Brad Dacus of the Pacific Justice Institute, which threatened to sue the Lynch Foundation over Terra Linda, says doing TM during a school's "quiet time"—a short period many schools adopt for children to use as they wish for prayer or relaxation—is constitutional. "But it's like a literature class that teaches the Bible. That's not unconstitutional, but the school district has to be careful the class doesn't become evangelical." When a school is approved for a David Lynch Scholarship, say foundation representatives, teachers and parents are trained first and the program is voluntary, most often practiced by students during a pre-existing quiet time period. "Childhood is a time of incredible growth of the nervous system and physiology," says Gary Kaplan, an associate professor of neurology at New York University's School of Medicine and chairman of the New York chapter of the Committee for Stress Free Schools, created in 2004. "I prescribe plenty of medications, but if there is a way to unleash the full potential of a child's mind without medication or side effects, then why not do it?"

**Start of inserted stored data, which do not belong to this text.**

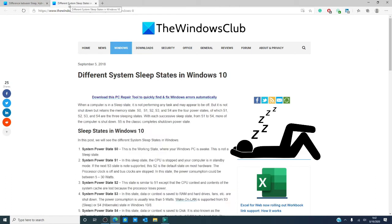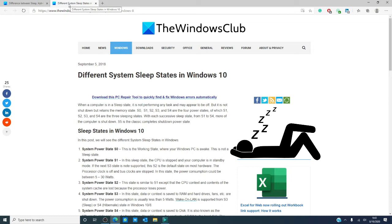Sleep is a power saving state that allows a computer to quickly resume full power operation, generally within a few seconds when you need it working. The best analogy is like hitting pause on a DVD player. The computer stops what it is doing and waits until you wake it up to start working again. There are several sleep states and the article we link goes more into depth into each one.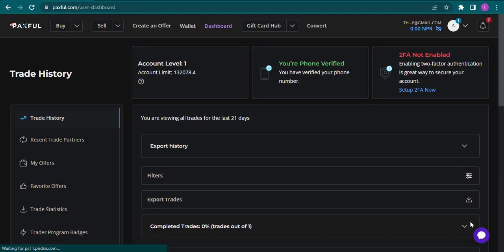Welcome back everyone. In today's video, I'm going to teach you how to link or add your bank account to your Paxful wallet.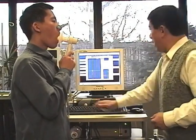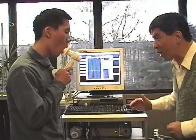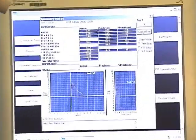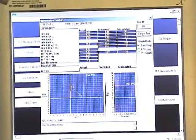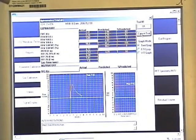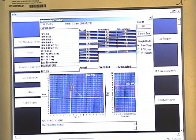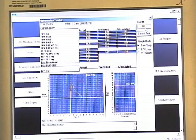Then press the space bar and have the subject exhale as far as they can — keep going. It's a little bit short, only 1.66. The subject probably did not inhale big enough, because according to the prediction they should have five liters in FVC, but this subject has only 3.41. We'll save this one but try the next trial.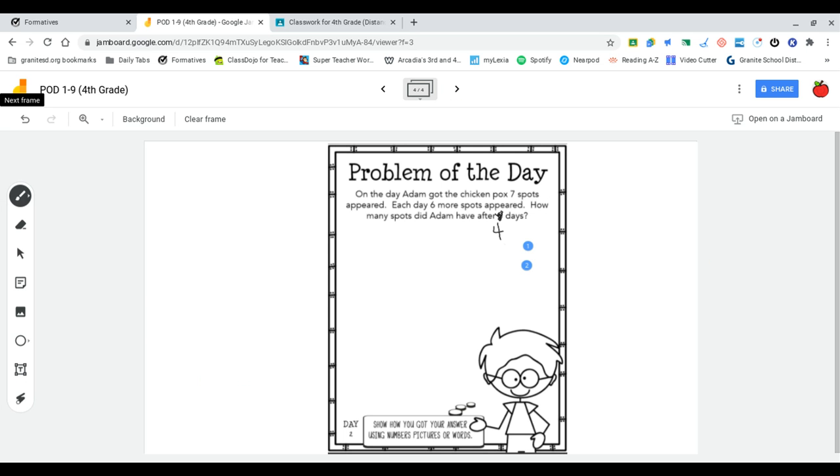So what I'm going to be doing is noticing that I am looking to add because I am looking for how many spots he got each day and he's adding more or getting more spots every day.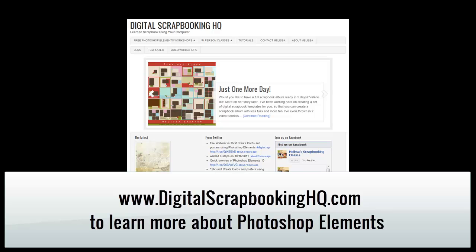Would you like to see more Photoshop Elements video tutorials? Visit digitalscrapbookinghq.com for more tips, tutorials and free online workshops.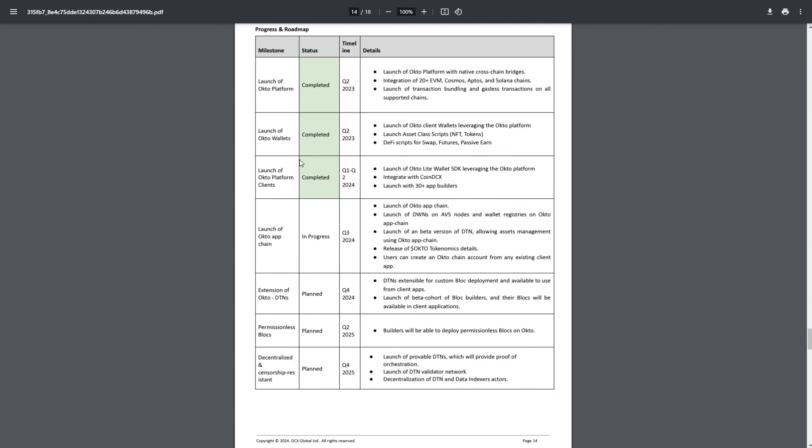Let's check what they're planning and what's in progress right now. In progress for Q4 2023/2024: launch of Okto app chain, launch of DWN on AVS nodes and wallet registries on Okto app chain, launch of a beta version of DTN allowing asset management using Okto app chain, release of the Okto token with tokenomics details coming soon. I can't wait for that because I haven't seen that yet in the whitepaper. Probably we'll see an update about Okto because I'm really hyped about this project.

Despite the criticism, many parents say they've seen profound results from meditation and that that they hardly view TM as exclusively, or even overtly, religious. Lynch himself is a Presbyterian. "When I started doing transcendental meditation, I found that my relationship with God deepened," says Dick DeAngeles, a meditator who has had five of his children—all devout Roman Catholics who regularly attend Sunday school—learn TM at the Maharishi University of Management in Iowa.
Other parents are open to anything that might scientifically be proven to reduce stress. The National Institutes of Health has awarded some $20 million to study TM. A 2004 Medical College of Georgia study of 156 inner-city African-American teens found that TM helped lower blood pressure, while a 2003 University of Michigan study found that African-American sixth-graders who practiced TM daily had better self-esteem and handled stress better than other area students. The largest study on TM and young people is currently being undertaken by researchers from American University in Washington, D.C., and Maharishi University in Iowa. They have been monitoring 250 college students from American, Georgetown, Howard and other D.C.-area universities who practiced meditation for nine months. Early results appear to show greater brain functioning and less irritability and sleepiness.
"There are serious problems in our schools and a small number of voices trying to Swift Boat TM should not discourage people from looking at the medical benefits of this technique," says the Lynch Foundation's Roth. "TM training is offered to schools that already set aside part of the day for 'quiet time.' A kid can do TM, or take a nap, pray or do Zen meditation, it's up to them."
At the Kingsbury School in D.C., a private K-12 for students with learning disorders like attention deficiency and dyslexia, children have been practicing in-school voluntary meditation since 2005. One student interviewed by NEWSWEEK this past winter, 14-year-old Scott Bertaut, who has Asperger syndrome, says that TM helps him control his sometimes violent temper. "When I stopped doing TM during summer break [my temper] got bad again." Only about 10 percent of parents, teachers and students have opted out of the program, says school director Jessica Lux. Some want the kids to focus on academics, "some for religious reasons or because they find it cultish," she says. "I think it's fear of the unknown."